With this programme leaflet, the precise date of the premiere of Lutosławski’s Trio for oboe, clarinet and bassoon (1944-45) can be determined.  It has long been known that it was given its first performance in Kraków during the Festival of Contemporary Polish Music (1-4 September 1945).  This leaflet indicates that the premiere was on Sunday 2 September, which was also the final day of the Congress of the Union of Composers (subsequently known as the Union of Polish Composers, ZKP), held 29 August – 2 September to galvanise Poland’s musical life in the immediate post-war months.  Lutosławski was appointed Secretary-Treasurer of the new union during the congress.

WL program 2.09.45 1

The programme of this Chamber Concert does not specify that this was the premiere of the Trio, but then it also fails to do the same for at least one of the other pieces.  The previously understood details of the premiere of Andrzej Panufnik’s Five Folk Songs (later known in English as Five Polish Peasant Songs, 1940, reconstructed 1945) were only that the piece was premiered during this festival under the young conductor and composer Stanisław Skrowaczewski (b.1923).  The details here give not only the date, but also the full complement of players, under a different conductor and composer, Artur Malawski (1904-57).

WL program 2.09.45 2

Also in the first half of the programme were several piano pieces by Jan Ekier (who celebrated his 100th birthday four days ago), most of them written before the war.

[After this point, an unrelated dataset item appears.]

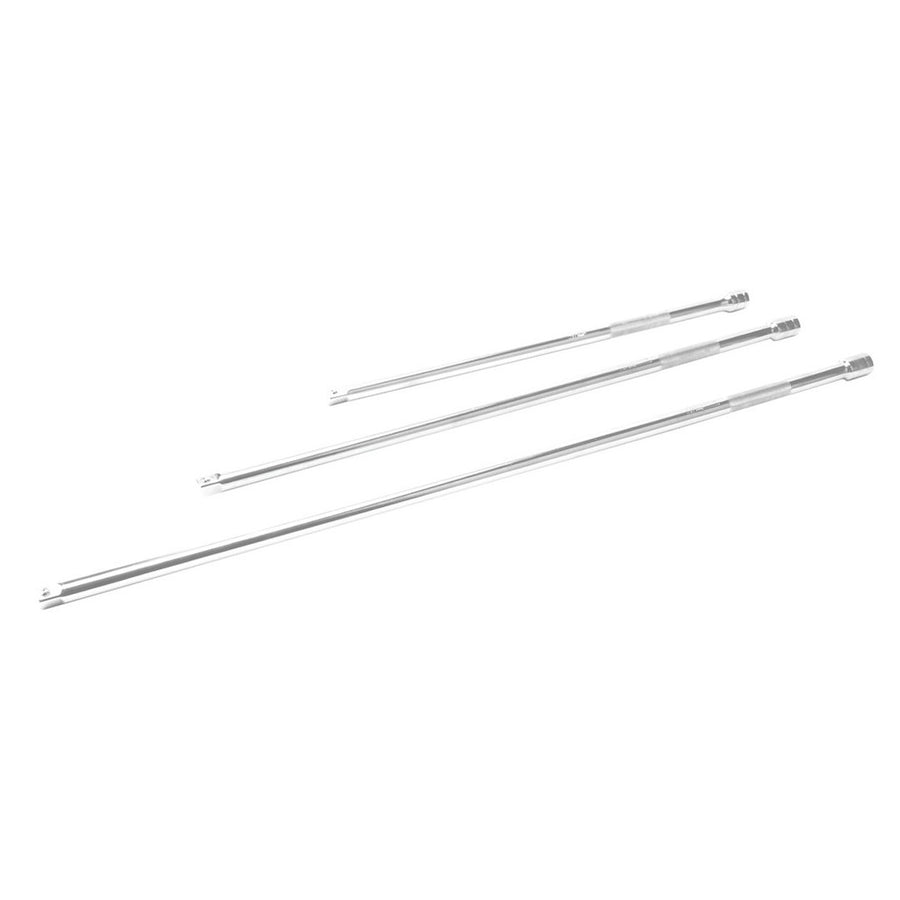 EXTENSION BAR SET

The second half of the programme focused on Roman Padlewski (1915-44) , whose death in valour during the Warsaw Uprising in August 1944 was one of the greatest losses to Polish music during the Second World War. Padlewski’s first and third string quartets were destroyed during the Uprising, but the Second Quartet (1940-42) survived.  I don’t know if it was performed in one of Warsaw’s secret concerts during the war or whether this was its premiere.  It was preceded here by Tryptyk żałobny (Mourning Triptych), by Tadeusz Kassern (1904-57), which was based on melodies from a 16th-century hymnal and dedicated to Padlewski’s memory.

WL program 2.09.45 3

• Sto lat! Jan Ekier (and Lutosławski)

Jan Ekier (2010)Happy Birthday to the Polish pianist Jan Ekier, whose 100th birthday today is being celebrated by a ten-hour marathon of Chopin performances (by younger pianists!) as part of the Chopin and His Europe festival in Warsaw.  This is entirely appropriate, because Ekier was the editor-in-chief of the National  Edition of Chopin’s music which followed Paderewski’s long-standing Complete Edition.  Chopin scholarship has moved on again since Ekier started his edition, but I’m surprised that he has no entry in the New Grove dictionaries, neither in 1980 nor in 2001.  His role within Poland as a pianist, teacher as well as editor is significant. He received Poland’s highest honour, the Order of the White Eagle (above) in 2010, at the same time as Henryk Mikołaj Górecki.  For a time he was also a composer – Kolorowe melodie for piano (1948) is his best-known work.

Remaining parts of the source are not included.